Re: Multiprocessing.Queue - I want to end.

Discussion in 'Python' started by Hendrik van Rooyen, May 1, 2009.

  1. "Luis Zarrabeitia" <> wrote:

    8< -------explanation and example of one producer, --------
    8< -------more consumers and one queue --------------------

    >As you can see, I'm sending one 'None' per consumer, and hoping that no
    >consumer will read more than one None. While this particular implementation


    You don't have to hope. You can write the consumers that way to guarantee it.

    >ensures that, it is very fragile. Is there any way to signal the consumers?


    Signalling is not easy - you can signal a process, but I doubt if it is
    possible to signal a thread in a process.

    >(or better yet, the queue itself, as it is shared by all consumers?)
    >Should "close" work for this? (raise the exception when the queue is
    >exhausted, not when it is closed by the producer).


    I haven't the foggiest if this will work, and it seems to me to be kind
    of involved compared to passing a sentinel or sentinels.

    And while we are on the subject - Passing None as a sentinel is IMO as
    good as or better than passing "XXZulu This is the End uluZXX",
    or any other imaginative string that is not likely to occur naturally
    in the input.

    I have always wondered why people do the one queue many getters thing.

    Given that the stuff you pass is homogenous in that it will require a
    similar amount of effort to process, is there not a case to be made
    to have as many queues as consumers, and to round robin the work?

    And if the stuff you pass around needs disparate effort to consume,
    it seems to me that you can more easily balance the load by having
    specialised consumers, instead of instances of one humungous
    "I can eat anything" consumer.

    I also think that having a queue per consumer thread makes it easier
    to replace the threads with processes and the queues with pipes or
    sockets if you need to do serious scaling later.

    In fact I happen to believe that anything that does any work needs
    one and only one input queue and nothing else, but I am peculiar
    that way.

    - Hendrik
    Hendrik van Rooyen, May 1, 2009
    #1
    1. Advertising

  2. Hendrik van Rooyen schreef:
    > I have always wondered why people do the one queue many getters thing.


    Because IMO it's the simplest and most elegant solution.
    >
    > Given that the stuff you pass is homogenous in that it will require a
    > similar amount of effort to process, is there not a case to be made
    > to have as many queues as consumers, and to round robin the work?


    Could work if the processing time for each work unit is exactly the same
    (otherwise one or more consumers will be idle part of the time), but in
    most cases that is not guaranteed.

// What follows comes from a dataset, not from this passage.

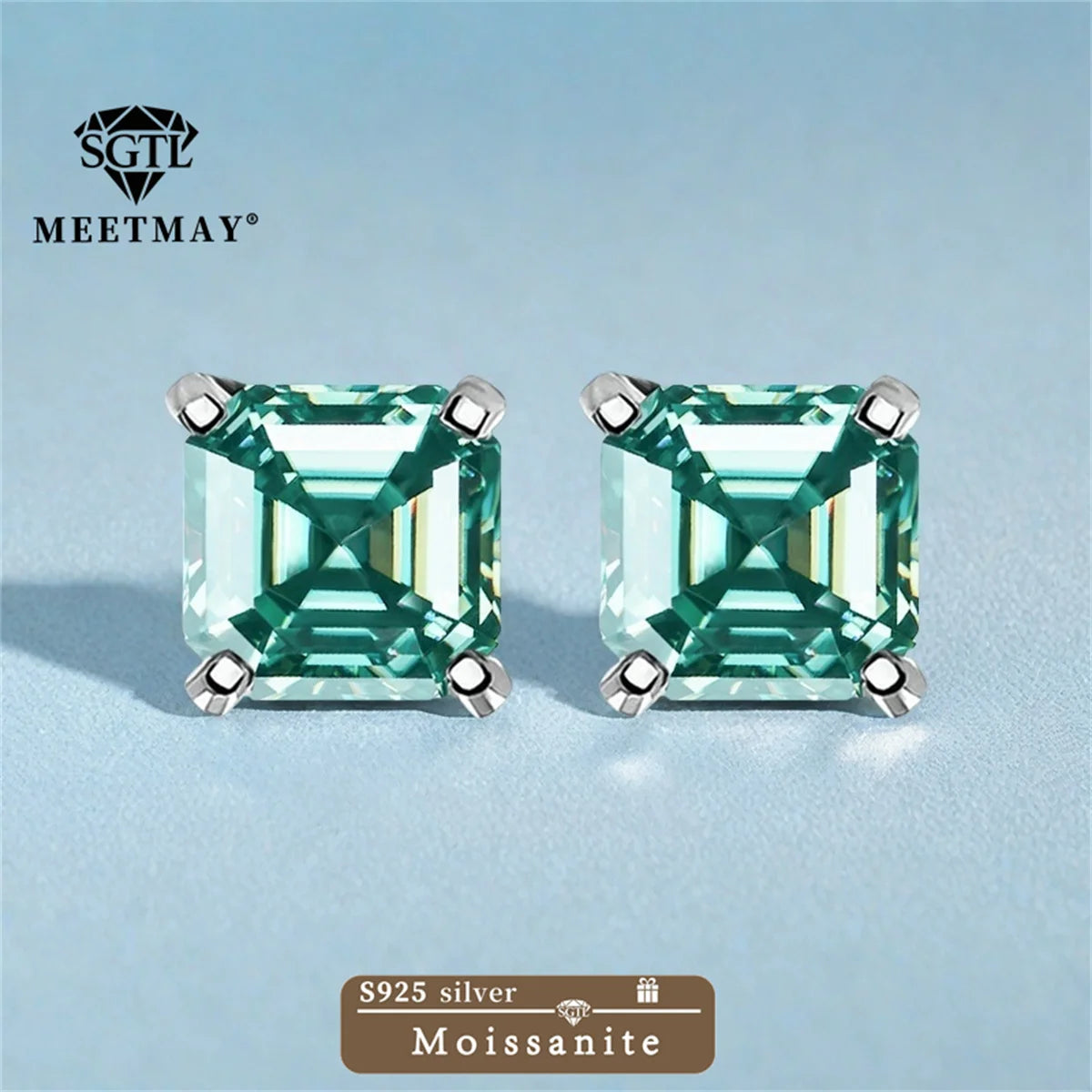 GRA Certified S925 sterling silver four-prong stud earrings Asscher Cut Moissanite earrings for women fine jewelry Free gift box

A simple example is fetching data
    over the network: even if the data size is always the same, there will
    be differences because of network load variations.

    If you use one queue, each consumer fetches a new work unit as soon it
    has consumed the previous one. All consumers will be working as long as
    there is work to do, without having to write any code to do the load
    balancing.

    With one queue for each consumer, you either have to assume that the
    average processing time is the same (otherwise some consumers will be
    idle at the end, while others are still busy processing work units), or
    you need some clever code in the producer(s) or the driving code to
    balance the loads. That's extra complexity for little or no benefit.

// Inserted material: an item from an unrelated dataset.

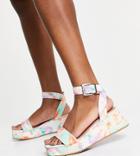 Asos Design Wide Fit Tatiana Flatform Sandals In Tie Dye-multi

    I like the simplicity of having one queue: the producer(s) put work
    units on the queue with no concern which consumer will process them or
    how many consumers there even are; likewise the consumer(s) don't know
    and don't need to know where their work units come from. And the work
    gets automatically distributed to whichever consumer has first finished
    its previous work unit.

    > And if the stuff you pass around needs disparate effort to consume,
    > it seems to me that you can more easily balance the load by having
    > specialised consumers, instead of instances of one humungous
    > "I can eat anything" consumer.


    If there is a semantic difference, maybe yes; but I think it makes no
    sense to differentiate purely on the expected execution times.

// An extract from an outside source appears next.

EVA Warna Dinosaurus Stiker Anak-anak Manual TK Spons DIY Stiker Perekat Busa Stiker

    > I also think that having a queue per consumer thread makes it easier
    > to replace the threads with processes and the queues with pipes or
    > sockets if you need to do serious scaling later.


    Perhaps, but isn't that a case of YAGNI and/or premature optimization?


    --
    The saddest aspect of life right now is that science gathers knowledge
    faster than society gathers wisdom.
    -- Isaac Asimov

    Roel Schroeven
    Roel Schroeven, May 1, 2009
    #2
    1. Advertising

  3. : "Roel Schroeven" <> wrote:


    > Hendrik van Rooyen schreef:
    > > I have always wondered why people do the one queue many getters thing.

    >
    > Because IMO it's the simplest and most elegant solution.


    That is fair enough...

    > >
    > > Given that the stuff you pass is homogenous in that it will require a
    > > similar amount of effort to process, is there not a case to be made
    > > to have as many queues as consumers, and to round robin the work?

    >
    > Could work if the processing time for each work unit is exactly the same
    > (otherwise one or more consumers will be idle part of the time), but in
    > most cases that is not guaranteed. A simple example is fetching data
    > over the network: even if the data size is always the same, there will
    > be differences because of network load variations.
    >
    > If you use one queue, each consumer fetches a new work unit as soon it
    > has consumed the previous one. All consumers will be working as long as
    > there is work to do, without having to write any code to do the load
    > balancing.
    >
    > With one queue for each consumer, you either have to assume that the
    > average processing time is the same (otherwise some consumers will be
    > idle at the end, while others are still busy processing work units), or
    > you need some clever code in the producer(s) or the driving code to
    > balance the loads. That's extra complexity for little or no benefit.
    >
    > I like the simplicity of having one queue: the producer(s) put work
    > units on the queue with no concern which consumer will process them or
    > how many consumers there even are; likewise the consumer(s) don't know
    > and don't need to know where their work units come from. And the work
    > gets automatically distributed to whichever consumer has first finished
    > its previous work unit.


    This is all true in the case of a job that starts, runs and finishes.
    I am not so sure it applies to something that has a long life.

    >
    > > And if the stuff you pass around needs disparate effort to consume,
    > > it seems to me that you can more easily balance the load by having
    > > specialised consumers, instead of instances of one humungous
    > > "I can eat anything" consumer.

    >
    > If there is a semantic difference, maybe yes; but I think it makes no
    > sense to differentiate purely on the expected execution times.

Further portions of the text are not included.